__Work to complete__: Print the listing below exactly, images excluded.

__Data for processing__:
---*---

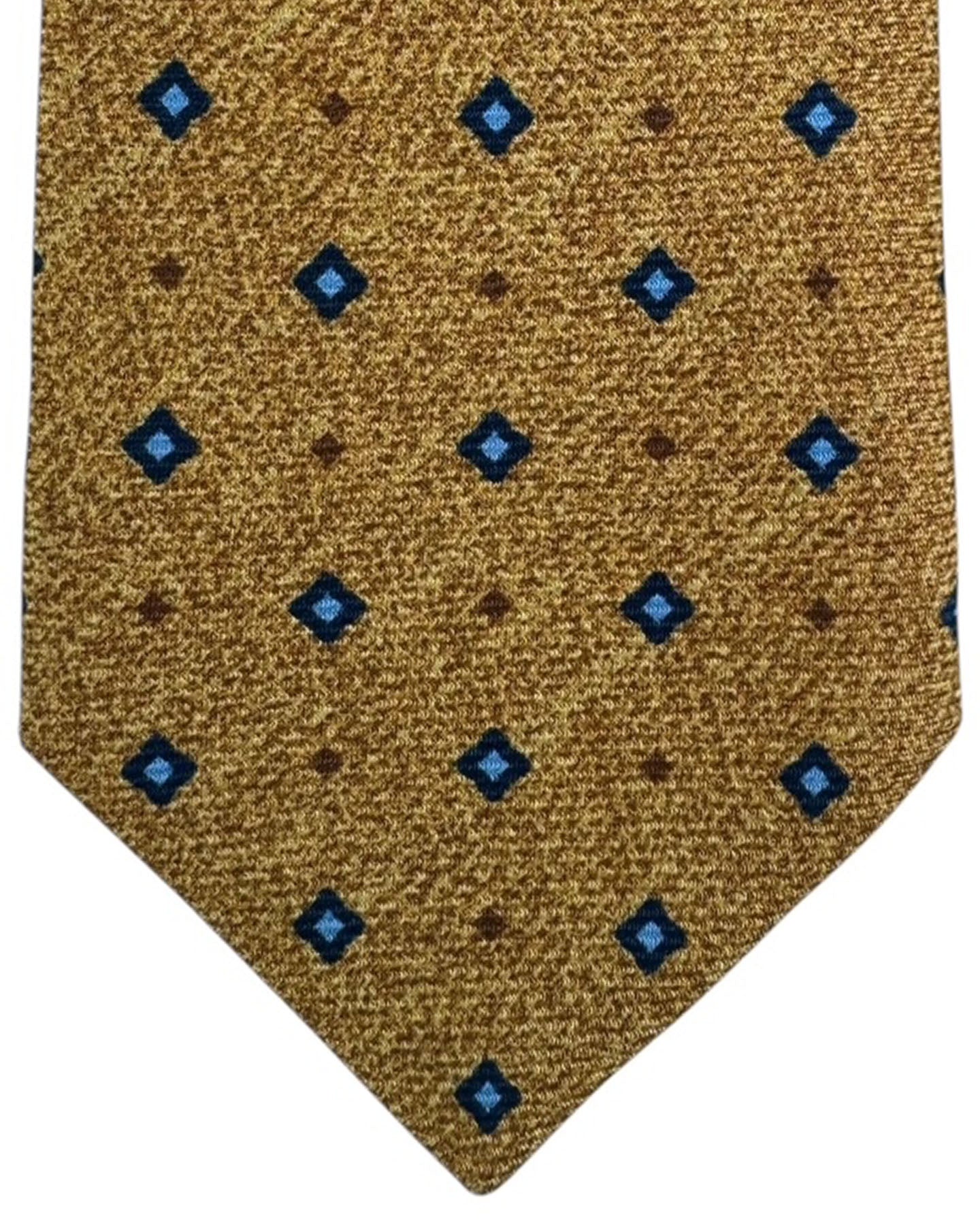 Kiton Sevenfold Tie Gold With Blue Diamond Foulard Pattern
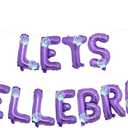 Let's Shellebrate Birthday Decorations Purple Let's Shellebrate Foil Balloon Banner with Iridescent Sea Shell Cards Kit for Mermaid Birthday Party Beach Wedding Coastal Bachelorette Party Supplies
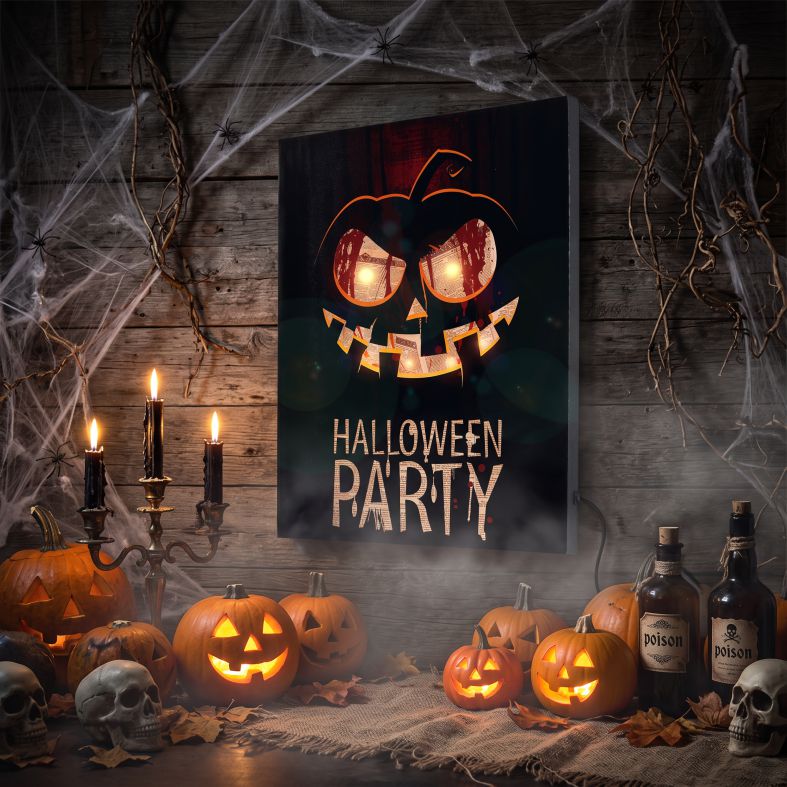LED-Bild zu Halloween – Kürbis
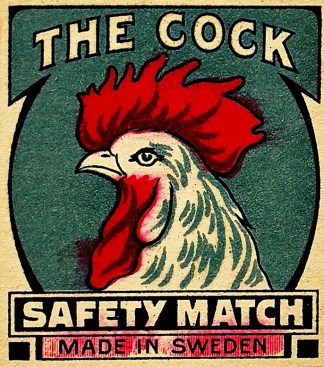 The Cock. MATCHBOX LABELS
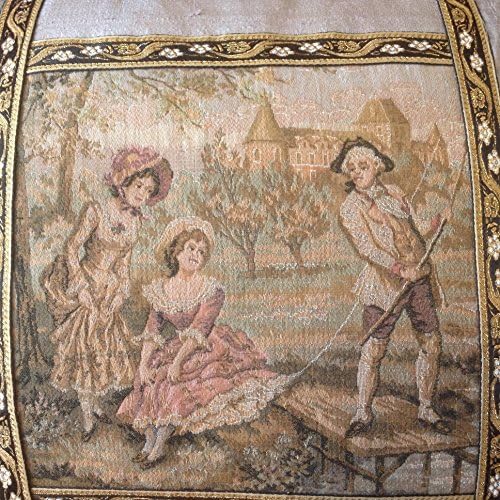 Vintage FRENCH Tapestry Upcycled into Lavender Silk Pillow, Gorgeous Trim of Ink Black and Gilt Gold, NEW Quality Down/Feather Insert, French Decor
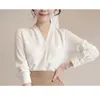 Bluzki Blusas Mujer de Moda Kobiety Koszule długie rękaw Solidny biały szyfonowy ubrania bluzki biurowej i 240102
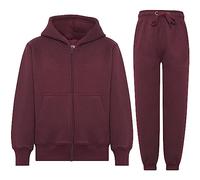 A2Z 4 Kids Plain Tracksuit Hoodie with Joggers Jogging Suit - Plain Tracksuit Wine 3-4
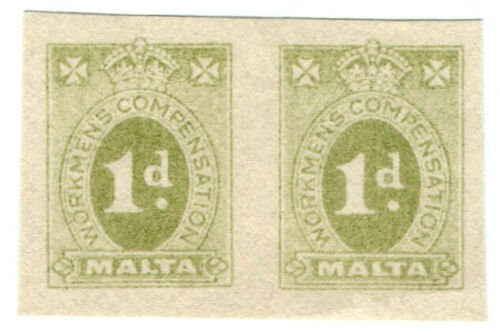 (I.B) Malta Revenue : Workmen's Compensation 1d (Original Proof) 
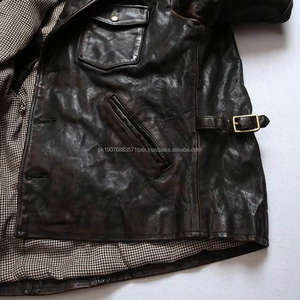 Chaquetas de Cuero Genuino Personalizadas al por Mayor, de Alta Calidad, Duraderas, Estilo Retro Vintage, Chaquetas de Cuero de Caballo Encerado Negro - Product Image 3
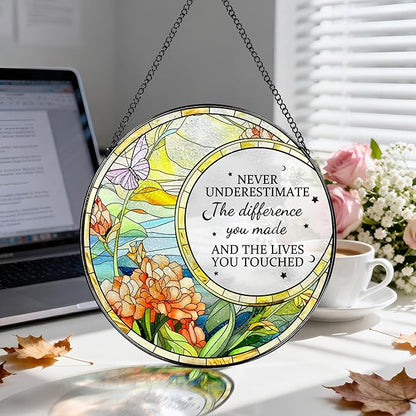 Thank You Gifts, Stained Glass Suncatcher Ornament, Window Hanging, Going Away/Goodbye, Appreciation, Retirement Gifts for Women, Men, Coworker, Boss, Friend | Retirement Party Decorations - Style B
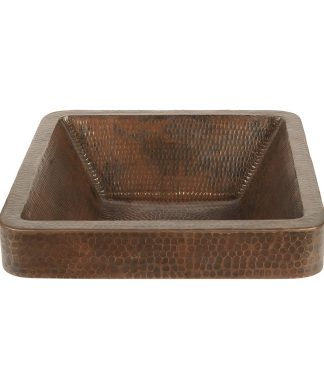 15" Square Skirted Vessel Hammered Copper Bathroom Sink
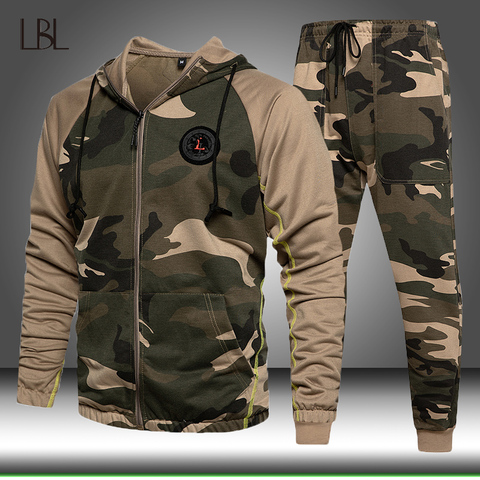 Conjunto de chándal de 2 piezas para hombre, Sudadera con capucha y pantalones, Jersey, ropa deportiva, traje de camuflaje para correr, ropa de invierno ► Foto 1/6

---*---

__Response box__:
 Kiton Sevenfold Tie Gold With Blue Diamond Foulard Pattern
 Let's Shellebrate Birthday Decorations Purple Let's Shellebrate Foil Balloon Banner with Iridescent Sea Shell Cards Kit for Mermaid Birthday Party Beach Wedding Coastal Bachelorette Party Supplies
LED-Bild zu Halloween – Kürbis
 The Cock. MATCHBOX LABELS
 Vintage FRENCH Tapestry Upcycled into Lavender Silk Pillow, Gorgeous Trim of Ink Black and Gilt Gold, NEW Quality Down/Feather Insert, French Decor
 Bluzki Blusas Mujer de Moda Kobiety Koszule długie rękaw Solidny biały szyfonowy ubrania bluzki biurowej i 240102
 A2Z 4 Kids Plain Tracksuit Hoodie with Joggers Jogging Suit - Plain Tracksuit Wine 3-4
 (I.B) Malta Revenue : Workmen's Compensation 1d (Original Proof) 
 Chaquetas de Cuero Genuino Personalizadas al por Mayor, de Alta Calidad, Duraderas, Estilo Retro Vintage, Chaquetas de Cuero de Caballo Encerado Negro - Product Image 3
 Thank You Gifts, Stained Glass Suncatcher Ornament, Window Hanging, Going Away/Goodbye, Appreciation, Retirement Gifts for Women, Men, Coworker, Boss, Friend | Retirement Party Decorations - Style B
 15" Square Skirted Vessel Hammered Copper Bathroom Sink
 Conjunto de chándal de 2 piezas para hombre, Sudadera con capucha y pantalones, Jersey, ropa deportiva, traje de camuflaje para correr, ropa de invierno ► Foto 1/6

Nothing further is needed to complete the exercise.